Short web captions:

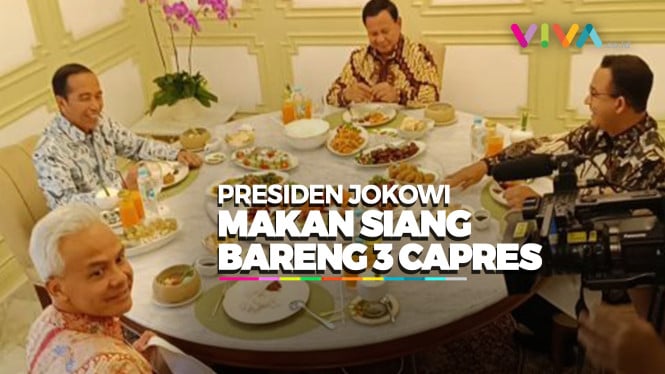 Momen Akrab Jokowi Makan Siang Bareng 3 Capres di Istana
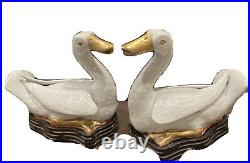Pair Of Old Gilt Chinese Export Porcelain Ducks On Fitted Wood Base 7 1/4 Lengt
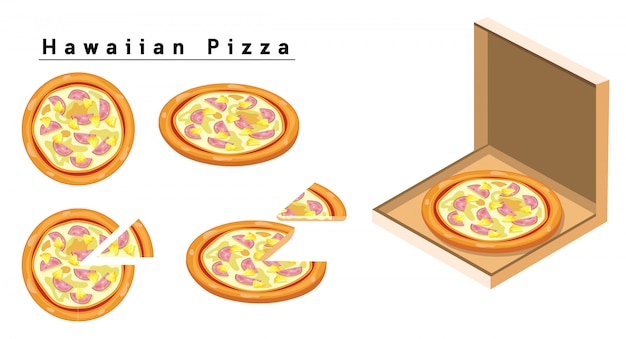 Pizza Hawaiana Vector Premium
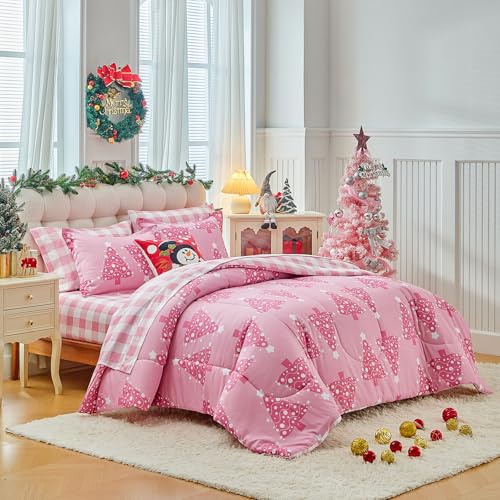 Joyreap 6 Piece Christmas Bed in a Bag Twin Pink Xmas Tree Design Comforter Sheet Set All Season Microfiber Holiday Theme Bedding Comforter Set - Image 3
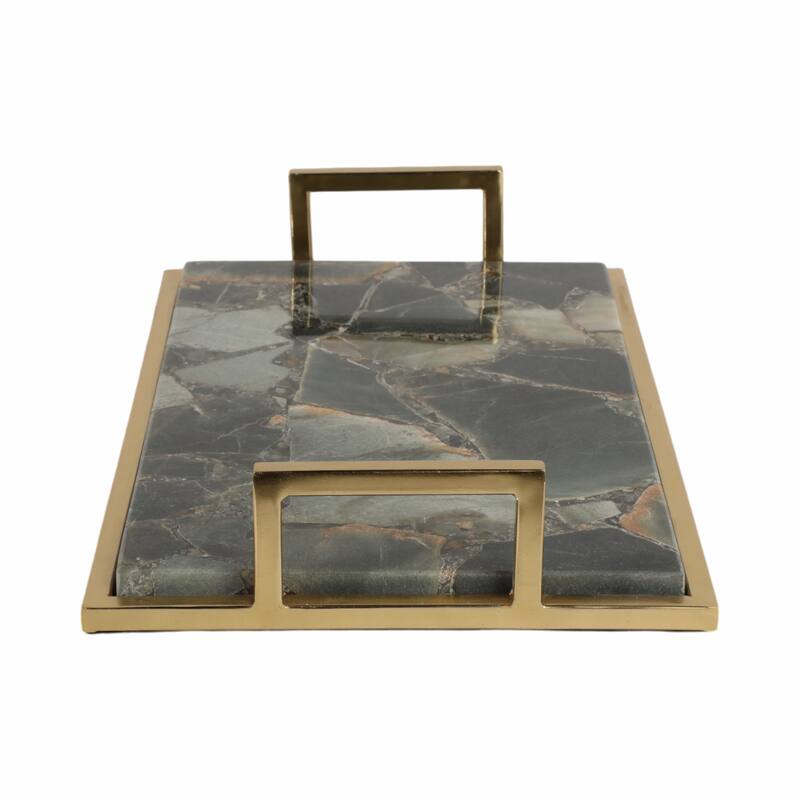 Decorative Agate Accent Tray - Home Decor - 23", Green & Gold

:: Required action ::
Output every entry exactly, leaving out pictures.

:: Answer area ::
 Momen Akrab Jokowi Makan Siang Bareng 3 Capres di Istana
Pair Of Old Gilt Chinese Export Porcelain Ducks On Fitted Wood Base 7 1/4 Lengt
 Pizza Hawaiana Vector Premium
 Joyreap 6 Piece Christmas Bed in a Bag Twin Pink Xmas Tree Design Comforter Sheet Set All Season Microfiber Holiday Theme Bedding Comforter Set - Image 3
 Decorative Agate Accent Tray - Home Decor - 23", Green & Gold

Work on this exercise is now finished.